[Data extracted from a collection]
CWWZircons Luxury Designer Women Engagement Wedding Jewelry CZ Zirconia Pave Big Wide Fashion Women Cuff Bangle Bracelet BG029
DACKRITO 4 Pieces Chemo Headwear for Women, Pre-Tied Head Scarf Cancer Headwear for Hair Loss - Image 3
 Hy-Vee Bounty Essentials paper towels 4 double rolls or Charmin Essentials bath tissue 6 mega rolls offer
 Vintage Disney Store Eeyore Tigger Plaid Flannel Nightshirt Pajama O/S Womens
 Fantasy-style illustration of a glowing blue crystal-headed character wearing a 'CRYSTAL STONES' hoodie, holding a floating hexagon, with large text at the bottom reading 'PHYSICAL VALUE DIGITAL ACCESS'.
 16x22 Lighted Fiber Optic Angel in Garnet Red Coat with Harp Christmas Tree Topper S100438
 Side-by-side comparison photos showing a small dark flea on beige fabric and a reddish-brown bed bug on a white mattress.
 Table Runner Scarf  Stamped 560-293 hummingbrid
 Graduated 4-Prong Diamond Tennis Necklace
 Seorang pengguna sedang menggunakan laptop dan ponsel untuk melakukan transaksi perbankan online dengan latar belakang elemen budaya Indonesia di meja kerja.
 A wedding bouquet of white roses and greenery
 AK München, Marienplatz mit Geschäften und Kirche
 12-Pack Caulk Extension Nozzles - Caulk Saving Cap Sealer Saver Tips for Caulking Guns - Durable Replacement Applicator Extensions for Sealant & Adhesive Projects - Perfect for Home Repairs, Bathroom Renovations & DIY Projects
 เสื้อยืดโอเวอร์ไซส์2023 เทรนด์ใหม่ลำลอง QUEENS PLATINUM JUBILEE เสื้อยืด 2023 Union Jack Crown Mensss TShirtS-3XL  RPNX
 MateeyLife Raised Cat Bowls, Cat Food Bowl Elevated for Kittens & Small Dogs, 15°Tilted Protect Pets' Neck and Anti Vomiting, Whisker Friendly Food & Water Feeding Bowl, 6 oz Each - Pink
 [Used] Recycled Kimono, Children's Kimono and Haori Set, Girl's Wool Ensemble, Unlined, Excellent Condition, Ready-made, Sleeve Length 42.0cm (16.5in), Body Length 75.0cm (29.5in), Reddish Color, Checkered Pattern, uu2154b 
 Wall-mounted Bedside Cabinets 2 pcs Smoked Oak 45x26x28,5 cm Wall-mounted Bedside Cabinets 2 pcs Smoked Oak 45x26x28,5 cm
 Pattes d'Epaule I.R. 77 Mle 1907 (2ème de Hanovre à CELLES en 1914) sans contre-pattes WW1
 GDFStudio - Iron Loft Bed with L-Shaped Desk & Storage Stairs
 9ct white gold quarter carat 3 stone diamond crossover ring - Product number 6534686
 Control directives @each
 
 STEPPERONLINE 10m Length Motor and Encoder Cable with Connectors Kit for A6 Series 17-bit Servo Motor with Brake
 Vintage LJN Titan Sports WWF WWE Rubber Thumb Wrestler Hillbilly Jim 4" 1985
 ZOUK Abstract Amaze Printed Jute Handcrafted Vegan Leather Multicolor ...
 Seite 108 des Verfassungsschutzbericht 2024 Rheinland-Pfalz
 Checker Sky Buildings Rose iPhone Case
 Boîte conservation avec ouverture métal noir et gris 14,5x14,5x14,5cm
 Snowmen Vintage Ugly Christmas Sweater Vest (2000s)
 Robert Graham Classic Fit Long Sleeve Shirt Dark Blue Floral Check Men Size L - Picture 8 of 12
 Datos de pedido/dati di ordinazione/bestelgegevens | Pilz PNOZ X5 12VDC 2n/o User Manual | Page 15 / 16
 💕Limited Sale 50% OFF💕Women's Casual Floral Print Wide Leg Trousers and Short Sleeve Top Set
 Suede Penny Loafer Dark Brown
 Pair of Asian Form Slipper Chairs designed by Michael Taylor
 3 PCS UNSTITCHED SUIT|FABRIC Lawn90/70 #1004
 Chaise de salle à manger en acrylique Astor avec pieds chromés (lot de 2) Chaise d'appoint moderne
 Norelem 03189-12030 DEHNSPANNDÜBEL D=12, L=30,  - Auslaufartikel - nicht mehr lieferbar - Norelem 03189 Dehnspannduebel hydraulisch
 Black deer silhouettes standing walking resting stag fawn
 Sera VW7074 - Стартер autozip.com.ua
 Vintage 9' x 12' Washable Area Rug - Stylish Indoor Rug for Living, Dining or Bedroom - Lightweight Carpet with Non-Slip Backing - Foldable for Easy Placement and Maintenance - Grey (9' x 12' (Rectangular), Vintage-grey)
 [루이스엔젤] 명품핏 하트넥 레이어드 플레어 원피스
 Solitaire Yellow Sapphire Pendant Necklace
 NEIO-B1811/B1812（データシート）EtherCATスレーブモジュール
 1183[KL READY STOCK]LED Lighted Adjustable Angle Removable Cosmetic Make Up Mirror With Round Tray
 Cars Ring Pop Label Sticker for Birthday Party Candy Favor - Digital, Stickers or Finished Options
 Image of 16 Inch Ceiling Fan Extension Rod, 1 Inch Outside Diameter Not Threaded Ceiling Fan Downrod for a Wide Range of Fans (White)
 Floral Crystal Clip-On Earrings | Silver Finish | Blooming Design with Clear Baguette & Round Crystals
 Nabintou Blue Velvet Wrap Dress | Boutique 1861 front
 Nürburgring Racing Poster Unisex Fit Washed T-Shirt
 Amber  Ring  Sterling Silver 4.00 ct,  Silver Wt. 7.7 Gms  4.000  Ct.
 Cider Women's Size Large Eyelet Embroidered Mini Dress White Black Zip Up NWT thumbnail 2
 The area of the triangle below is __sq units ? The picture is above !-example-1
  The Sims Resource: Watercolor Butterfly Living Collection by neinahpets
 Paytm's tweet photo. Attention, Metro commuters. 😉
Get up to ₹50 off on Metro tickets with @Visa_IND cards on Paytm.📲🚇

PROBLEM DESCRIPTION: Set down, from the entries above, exactly the lines from the one with "Snowmen Vintage Ugly" up to and including the one with "3 PCS UNSTITCHED SUIT|FABRIC Lawn90/70 #1004", and no other lines.

TASK OUTPUT:
 Snowmen Vintage Ugly Christmas Sweater Vest (2000s)
 Robert Graham Classic Fit Long Sleeve Shirt Dark Blue Floral Check Men Size L - Picture 8 of 12
 Datos de pedido/dati di ordinazione/bestelgegevens | Pilz PNOZ X5 12VDC 2n/o User Manual | Page 15 / 16
 💕Limited Sale 50% OFF💕Women's Casual Floral Print Wide Leg Trousers and Short Sleeve Top Set
 Suede Penny Loafer Dark Brown
 Pair of Asian Form Slipper Chairs designed by Michael Taylor
 3 PCS UNSTITCHED SUIT|FABRIC Lawn90/70 #1004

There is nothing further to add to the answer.